Elegir a Hannah Arendt como la pensadora representativa de algo así como el genio femenino constituye un gesto polémico. Kristeva misma lo plantea: Arendt no es una autora fácilmente catalogable, no fue ni es siempre bien recibida, y sus pensamientos fueron y son cuestionados. Esto se debe a que Arendt nunca defendió una política que legitimara cualquier privilegio, aunque su opinión atentara contra lo políticamente correcto. Es más, es contra esto, casi, contra lo que tendríamos que orientar la tarea de pensar.

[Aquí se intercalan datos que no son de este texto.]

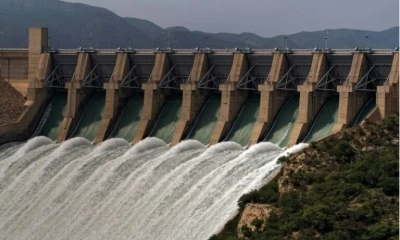 Punjab, Sindh to face 16% water shortage during Rabi season: IRSA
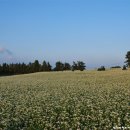 와흘메밀마을 이미지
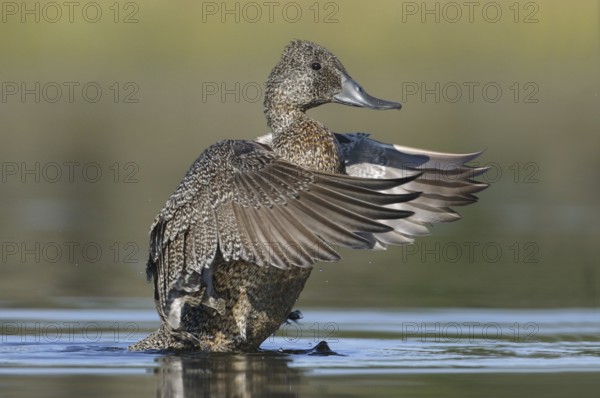 Freckled Duck (Stictonetta naevosa) female flapping Victoria, Australia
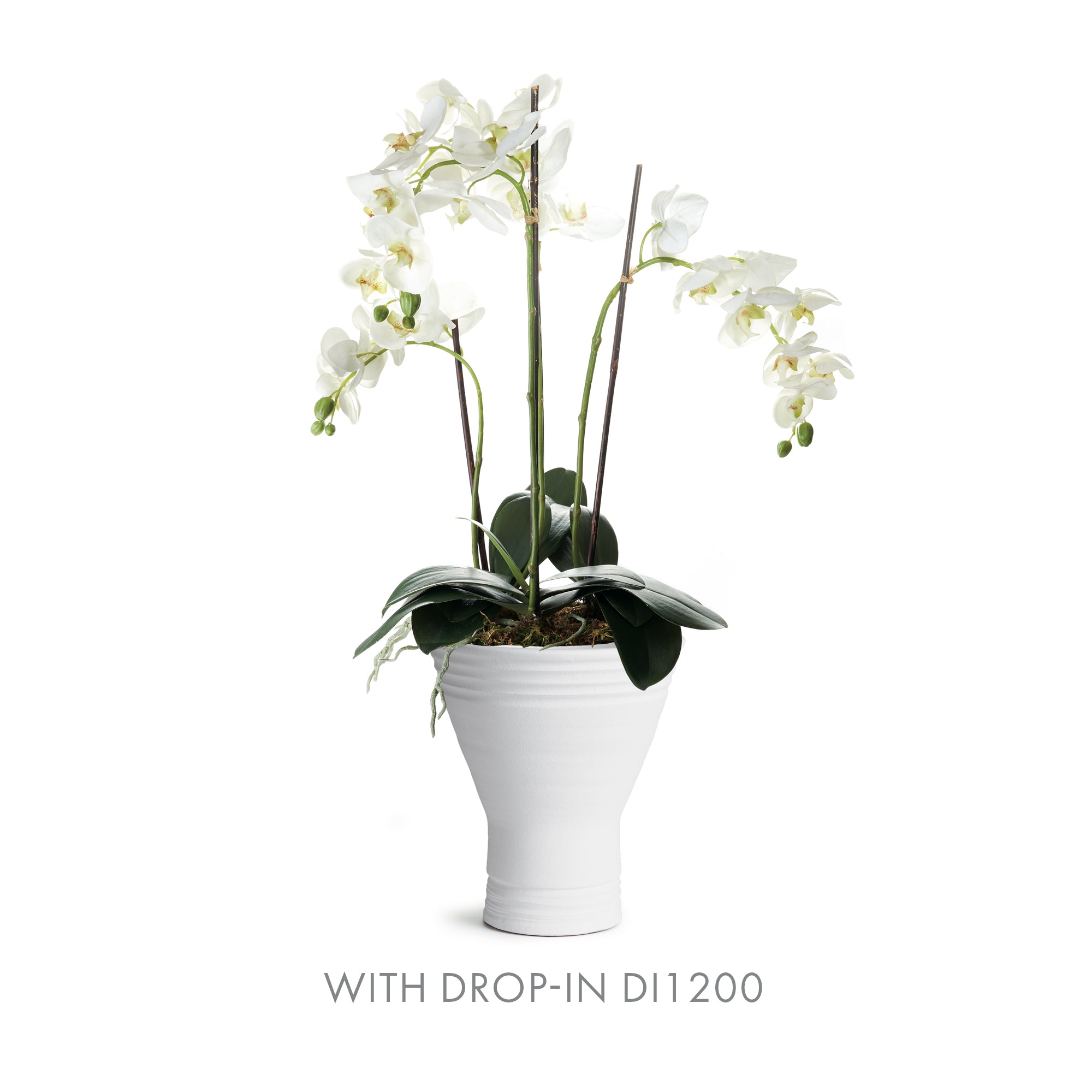 Egbert Vase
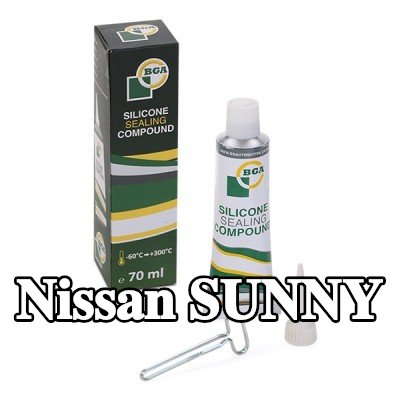 BGA مانع تسرب سيليكون — 1990 Nissan Sunny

De los conceptos que Arendt utilizó, el de vida –que Kristeva utiliza para comenzar su trabajo y con el que lo cierra–. ocupa sin duda un lugar importante. En principio, es preciso diferenciarlo del de mundo. Lo que los regímenes totalitarios hacen peligrar es la vida humana, pero lo que Arendt destaca una y otra vez no es esto sino el peligro de hacer desaparecer el espacio público. Si perdemos ese espacio, no perdemos la vida, perdemos su sentido. Éste se agotaría en la comodidad y en la felicidad, objetivos básicamente antipolíticos y privilegiados por la sociedad contemporánea. Lo político, la actividad que concreta la libertad, consiste en el compromiso con el espacio en común, con el mundo. Y el compromiso implica donar e invertir el propio tiempo en el tiempo de los otros y del mundo.Plantear “la acción como narración y la narración como acción” instaura un tiempo diferente del tiempo productivo que impone la sociedad moderna. Esta actividad, cuyo sentido depende del relato, complementa, según Kristeva, la actividad del trabajo (labor, en inglés; “labor” en la traducción de La condición humana) y de la obra (work, “trabajo”). Hay que tener en claro que este complemento es mucho más que un mero apéndice. Sin el espacio que posibilita un tiempo improductivo –una acción, un relato–, la vida humana sería mera reproducción. No habría esa posibilidad milagrosa de lo nuevo. Por esto es pertinente detenerse, como hace Kristeva, en el gran descubrimiento arendtiano de la natalidad.
El milagro de la natalidad remite antes que nada a la posibilidad del hombre y de la mujer de crear nuevos sentidos. El fondo actual sobre el que piensa Arendt se funda en la incomodidad constante de la pregunta incontestable. Sin lamentar la pérdida de los valores o del vacío de sentido, en lugar de denunciar la disminución de la participación ciudadana o la desmovilización social, habría que imaginar una transformación vigente en el mundo político que está lejos de haber clausurado la acción comprometida de los hombres y las mujeres. La consigna arendtiana diría algo así como que nos toca a nosotros velar que este espacio de reunión no desaparezca.